The RBI said that the recent sharper-than-anticipated increase in food prices has pushed up the projected trajectory of inflation over the rest of the year. The central bank also said that the strong improvement in sowing on the back of the monsoon's steady progress, along with supply management measures, augers well for the food inflation outlook. According to the central bank, risks to the inflation target of 5% for March 2017 continue to be on the upside.

The RBI has retained the projected GVA growth projection for 2016-17 at 7.6%. According to the central bank, the risk to this projection is evenly balanced. The central bank expects the momentum of growth to be quickened by the normal monsoon raising agricultural growth and rural demand, as well as by the stimulus to consumption spending that can be expected from the disbursement of pay, pension and arrears following the implementation of the 7th CPC's award. The passage of the Goods and Services Tax (GST) Bill augurs well for the growing political consensus for economic reforms. While timely implementation of GST will be challenging, its implementation will raise returns on investment across much of the economy and also strengthen government finances over the medium-term, according to the central bank.

The RBI said that the stance of monetary policy remains accommodative and will continue to emphasise the adequate provision of liquidity.
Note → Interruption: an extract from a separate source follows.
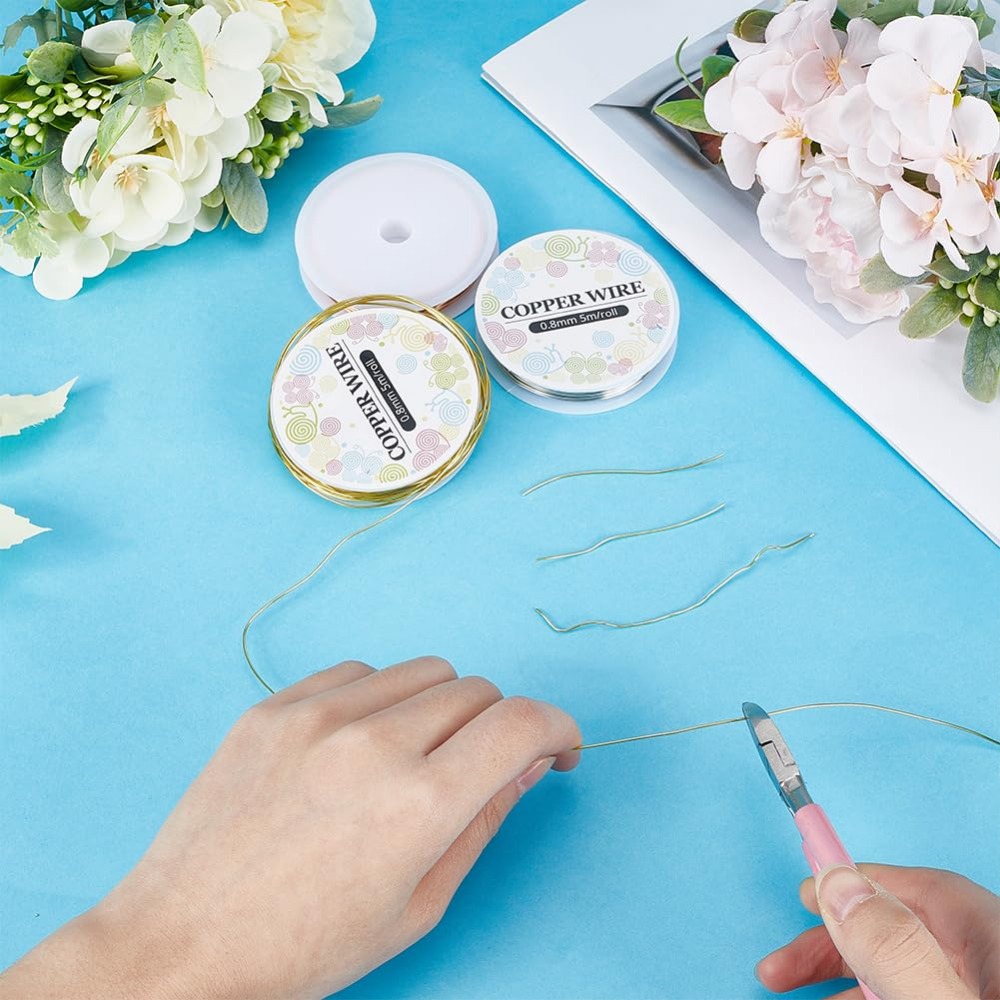 12.8 متر سلك مجوهرات نحاسي 0.8 - مراجعة Jewelry Making Online وسعره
According to the central bank, easy liquidity conditions are already prompting banks to modestly transmit past policy rate cuts through their MCLRs (Marginal Cost of Funds based Lending Rate) and pro-active liquidity management should facilitate more pass-through.

Meanwhile, the amended goods and services tax (GST) constitutional amendment bill was passed by the Lok Sabha yesterday, 8 August 2016. The bill was passed by the Rajya Sabha last week. Prime Minister Narendra Modi in Lok Sabha said that with GST, the government intends to bring uniformity in taxation. Most of the things that can impact consumer inflation have been kept out of the ambit of GST, Modi said. He was intervening during the debate in the Lok Sabha on the GST Bill yesterday, 8 August 2016. The government plans to implement the nationwide GST from 1 April 2017. The main objective of the GST is to eliminate excessive taxation. GST is a uniform indirect tax levied on goods and services across a country. The measure would harmonize 11 state and central levies into a national sales tax, reducing business transaction costs.